Stored dataset items:
━━━━━━━━━━━━━━━━━━━━━━━━━━━━━━

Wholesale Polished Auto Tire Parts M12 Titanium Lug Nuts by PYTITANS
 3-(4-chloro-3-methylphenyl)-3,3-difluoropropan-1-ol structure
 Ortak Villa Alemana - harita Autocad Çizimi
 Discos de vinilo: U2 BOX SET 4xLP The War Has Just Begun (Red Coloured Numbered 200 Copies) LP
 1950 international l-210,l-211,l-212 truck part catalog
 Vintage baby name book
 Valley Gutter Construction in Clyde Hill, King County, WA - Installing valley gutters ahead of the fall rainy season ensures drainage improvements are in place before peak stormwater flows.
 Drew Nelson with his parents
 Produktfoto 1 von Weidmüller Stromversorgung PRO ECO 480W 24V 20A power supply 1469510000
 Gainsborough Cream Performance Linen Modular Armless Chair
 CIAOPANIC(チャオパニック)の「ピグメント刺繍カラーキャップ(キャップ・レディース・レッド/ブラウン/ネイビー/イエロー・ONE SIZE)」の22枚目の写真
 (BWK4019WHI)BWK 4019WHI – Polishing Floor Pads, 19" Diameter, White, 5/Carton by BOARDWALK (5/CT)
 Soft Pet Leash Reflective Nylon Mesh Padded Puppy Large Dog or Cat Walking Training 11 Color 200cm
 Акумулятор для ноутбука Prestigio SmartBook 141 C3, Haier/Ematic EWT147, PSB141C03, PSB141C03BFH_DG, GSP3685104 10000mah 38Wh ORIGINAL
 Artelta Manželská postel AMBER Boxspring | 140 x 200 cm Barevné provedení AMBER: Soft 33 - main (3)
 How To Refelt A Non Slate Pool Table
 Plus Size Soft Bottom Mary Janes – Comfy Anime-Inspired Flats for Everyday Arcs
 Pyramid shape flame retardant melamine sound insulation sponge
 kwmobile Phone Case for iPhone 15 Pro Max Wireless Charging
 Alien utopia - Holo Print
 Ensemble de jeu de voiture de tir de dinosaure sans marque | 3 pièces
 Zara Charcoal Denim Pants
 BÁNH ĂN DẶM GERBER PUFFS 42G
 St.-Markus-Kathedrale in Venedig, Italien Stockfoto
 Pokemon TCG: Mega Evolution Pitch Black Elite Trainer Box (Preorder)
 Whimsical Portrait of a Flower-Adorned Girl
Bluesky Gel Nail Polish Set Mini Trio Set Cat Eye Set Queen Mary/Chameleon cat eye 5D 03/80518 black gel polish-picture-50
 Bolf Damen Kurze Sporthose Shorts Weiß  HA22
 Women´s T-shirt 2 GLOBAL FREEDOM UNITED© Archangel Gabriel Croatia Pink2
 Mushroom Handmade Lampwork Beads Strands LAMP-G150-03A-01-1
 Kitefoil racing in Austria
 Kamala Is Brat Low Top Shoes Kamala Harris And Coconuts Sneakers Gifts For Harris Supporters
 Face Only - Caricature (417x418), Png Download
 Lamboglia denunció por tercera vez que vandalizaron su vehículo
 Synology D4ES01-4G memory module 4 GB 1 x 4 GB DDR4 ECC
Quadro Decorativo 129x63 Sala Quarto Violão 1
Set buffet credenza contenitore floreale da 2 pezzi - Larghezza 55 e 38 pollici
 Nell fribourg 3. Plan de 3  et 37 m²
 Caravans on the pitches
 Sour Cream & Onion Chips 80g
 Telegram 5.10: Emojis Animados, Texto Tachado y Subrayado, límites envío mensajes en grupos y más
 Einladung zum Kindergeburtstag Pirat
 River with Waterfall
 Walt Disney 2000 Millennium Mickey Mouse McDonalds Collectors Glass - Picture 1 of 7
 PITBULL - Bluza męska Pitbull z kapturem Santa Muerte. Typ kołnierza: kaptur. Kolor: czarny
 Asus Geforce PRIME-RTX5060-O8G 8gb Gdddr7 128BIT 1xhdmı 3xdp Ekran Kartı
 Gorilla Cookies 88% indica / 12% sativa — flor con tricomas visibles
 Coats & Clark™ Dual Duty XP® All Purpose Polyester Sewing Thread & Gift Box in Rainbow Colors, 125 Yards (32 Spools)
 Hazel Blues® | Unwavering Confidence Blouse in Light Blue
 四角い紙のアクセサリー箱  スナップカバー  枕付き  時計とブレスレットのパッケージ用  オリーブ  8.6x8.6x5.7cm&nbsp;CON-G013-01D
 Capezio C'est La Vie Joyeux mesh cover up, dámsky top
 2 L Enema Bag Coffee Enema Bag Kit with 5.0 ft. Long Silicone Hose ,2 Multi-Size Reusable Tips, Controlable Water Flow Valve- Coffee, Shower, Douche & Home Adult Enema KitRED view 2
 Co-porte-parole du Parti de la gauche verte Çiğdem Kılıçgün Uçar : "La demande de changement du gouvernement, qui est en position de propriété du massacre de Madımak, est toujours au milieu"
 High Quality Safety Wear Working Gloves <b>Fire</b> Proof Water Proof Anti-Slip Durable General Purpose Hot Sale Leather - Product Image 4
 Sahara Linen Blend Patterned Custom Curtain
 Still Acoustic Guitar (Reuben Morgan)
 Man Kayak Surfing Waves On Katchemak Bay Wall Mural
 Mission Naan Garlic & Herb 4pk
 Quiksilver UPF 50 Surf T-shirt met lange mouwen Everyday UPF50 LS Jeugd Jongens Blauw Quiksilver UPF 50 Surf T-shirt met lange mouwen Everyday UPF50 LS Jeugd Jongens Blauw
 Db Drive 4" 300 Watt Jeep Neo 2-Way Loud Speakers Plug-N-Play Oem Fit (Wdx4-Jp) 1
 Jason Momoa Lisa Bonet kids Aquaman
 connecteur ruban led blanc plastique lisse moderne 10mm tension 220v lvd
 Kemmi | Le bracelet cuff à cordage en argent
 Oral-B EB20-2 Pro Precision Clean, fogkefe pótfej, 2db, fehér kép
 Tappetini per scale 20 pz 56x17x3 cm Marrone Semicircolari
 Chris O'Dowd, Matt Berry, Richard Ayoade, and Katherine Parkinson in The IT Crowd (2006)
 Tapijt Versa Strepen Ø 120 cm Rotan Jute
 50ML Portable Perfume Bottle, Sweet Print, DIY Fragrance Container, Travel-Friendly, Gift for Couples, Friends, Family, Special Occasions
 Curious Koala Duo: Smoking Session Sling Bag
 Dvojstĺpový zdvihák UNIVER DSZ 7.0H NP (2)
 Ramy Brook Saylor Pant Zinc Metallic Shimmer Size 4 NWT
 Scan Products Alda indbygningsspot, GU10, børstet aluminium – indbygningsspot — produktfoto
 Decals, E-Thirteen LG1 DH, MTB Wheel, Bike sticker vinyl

━━━━━━━━━━━━━━━━━━━━━━━━━━━━━━

Work item
Report each line of the records that holds the word "Cream".

Result of the exercise
 Gainsborough Cream Performance Linen Modular Armless Chair
 Sour Cream & Onion Chips 80g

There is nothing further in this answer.